> [WHAT IS BEING ASKED]: From the records below, output exactly the lines running from the line containing "Заказать Душевая кабина" through the line containing "Joyce Chen® Classic", and no others.

> [INPUT MATERIAL]:
- Opening Delimiter -

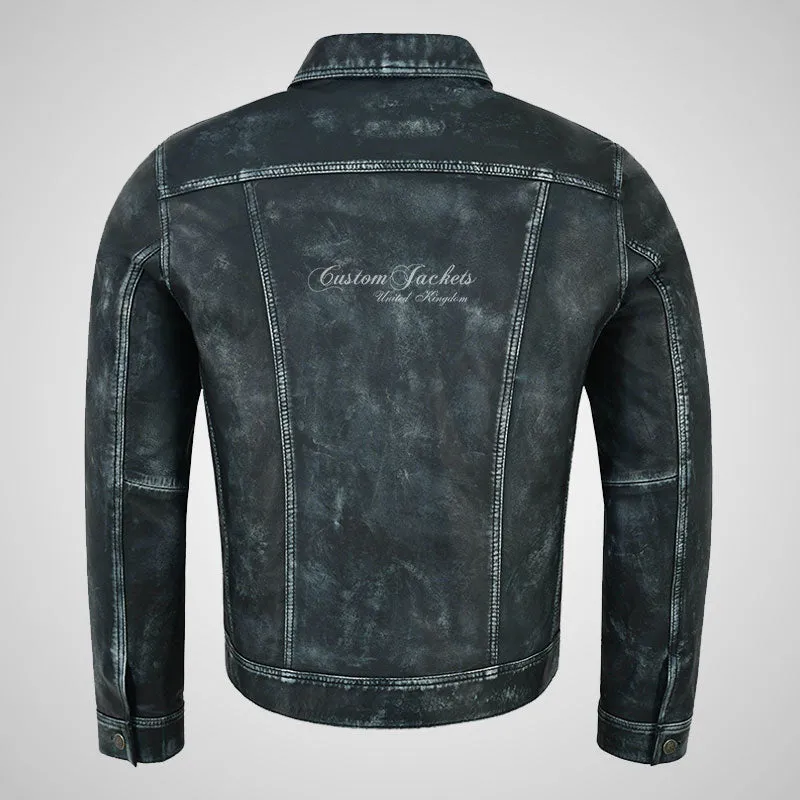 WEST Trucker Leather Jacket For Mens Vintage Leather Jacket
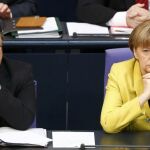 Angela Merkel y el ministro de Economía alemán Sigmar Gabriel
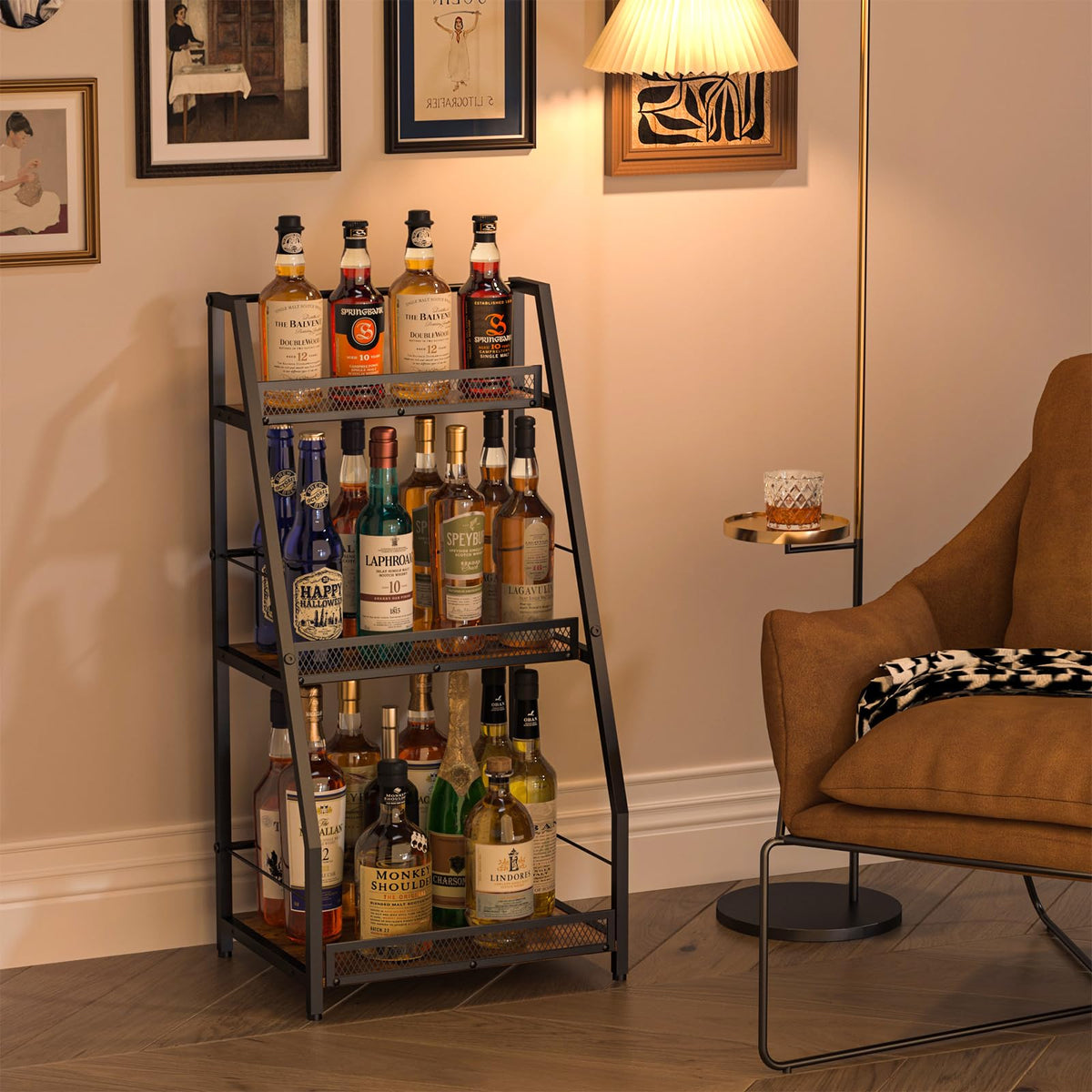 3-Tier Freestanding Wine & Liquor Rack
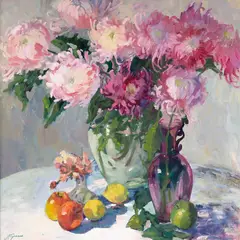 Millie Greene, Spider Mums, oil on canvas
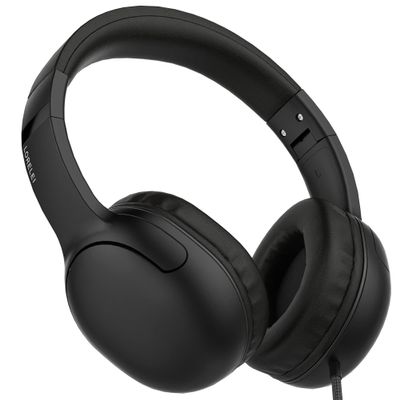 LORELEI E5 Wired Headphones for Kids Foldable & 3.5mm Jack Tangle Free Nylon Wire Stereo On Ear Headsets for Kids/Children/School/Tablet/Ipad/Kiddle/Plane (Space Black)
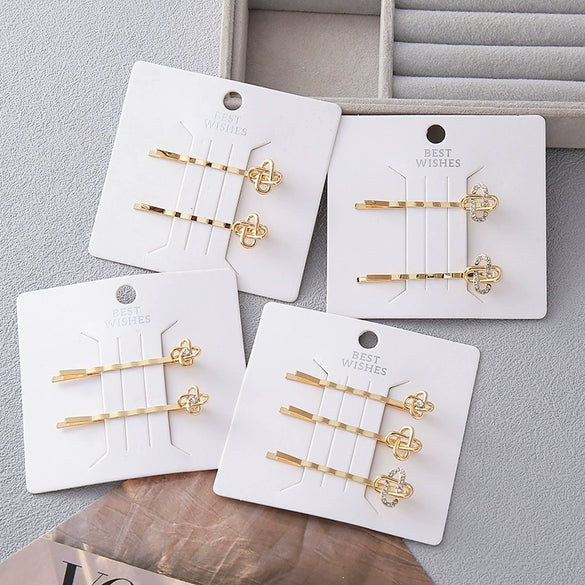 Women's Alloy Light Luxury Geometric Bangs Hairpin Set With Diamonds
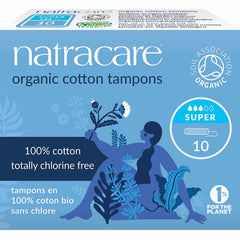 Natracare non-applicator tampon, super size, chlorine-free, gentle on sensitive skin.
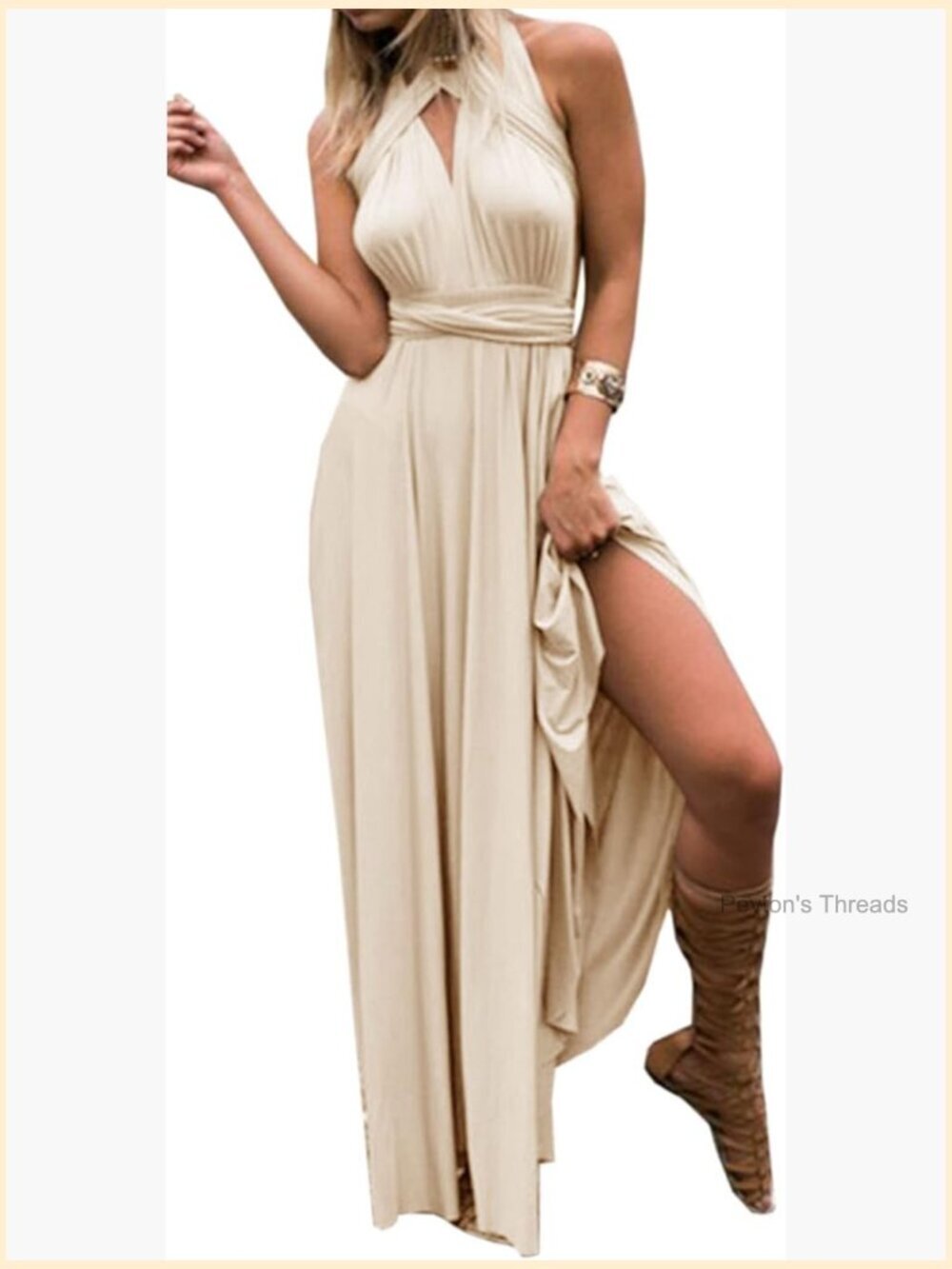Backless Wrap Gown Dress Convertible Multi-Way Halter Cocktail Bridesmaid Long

- Closing Delimiter -
- Opening Delimiter -

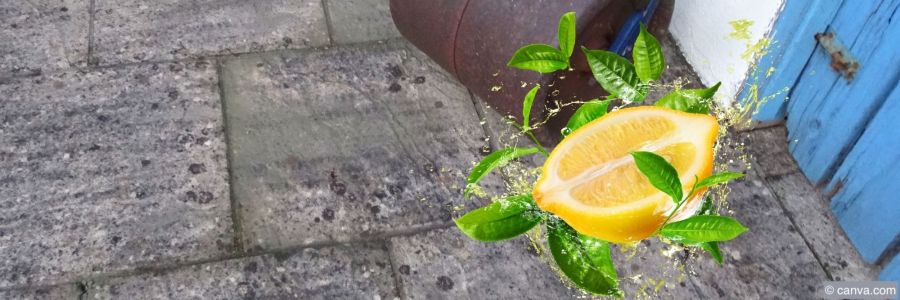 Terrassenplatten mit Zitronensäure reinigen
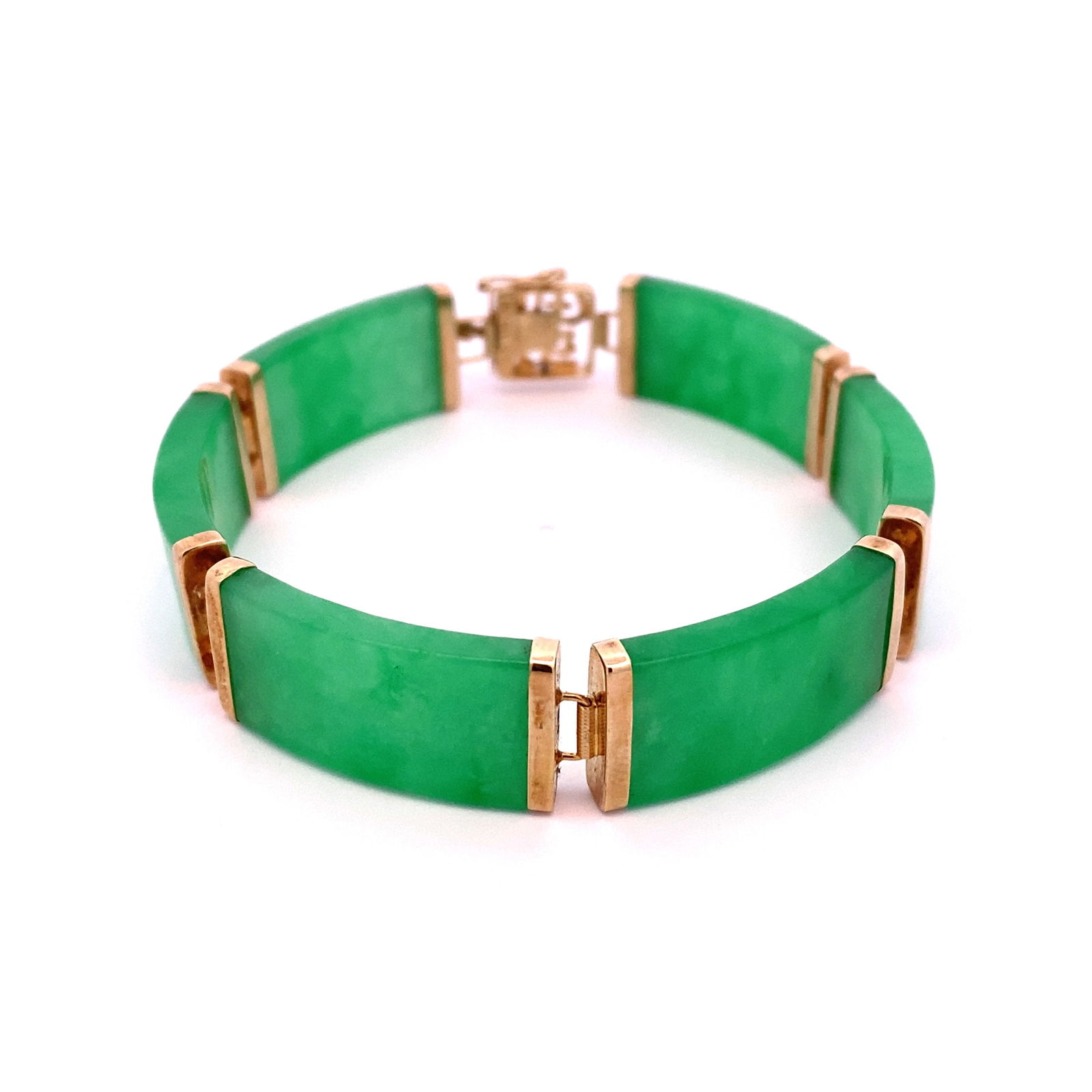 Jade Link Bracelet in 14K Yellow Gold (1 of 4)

- Closing Delimiter -
- Opening Delimiter -

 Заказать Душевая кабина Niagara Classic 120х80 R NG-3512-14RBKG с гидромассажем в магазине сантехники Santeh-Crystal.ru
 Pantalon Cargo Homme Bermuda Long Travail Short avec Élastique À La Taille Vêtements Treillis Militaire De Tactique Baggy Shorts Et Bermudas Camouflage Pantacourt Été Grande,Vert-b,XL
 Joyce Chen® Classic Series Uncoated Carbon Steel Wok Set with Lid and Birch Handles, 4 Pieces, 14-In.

- Closing Delimiter -

> [REPLY]:
 Заказать Душевая кабина Niagara Classic 120х80 R NG-3512-14RBKG с гидромассажем в магазине сантехники Santeh-Crystal.ru
 Pantalon Cargo Homme Bermuda Long Travail Short avec Élastique À La Taille Vêtements Treillis Militaire De Tactique Baggy Shorts Et Bermudas Camouflage Pantacourt Été Grande,Vert-b,XL
 Joyce Chen® Classic Series Uncoated Carbon Steel Wok Set with Lid and Birch Handles, 4 Pieces, 14-In.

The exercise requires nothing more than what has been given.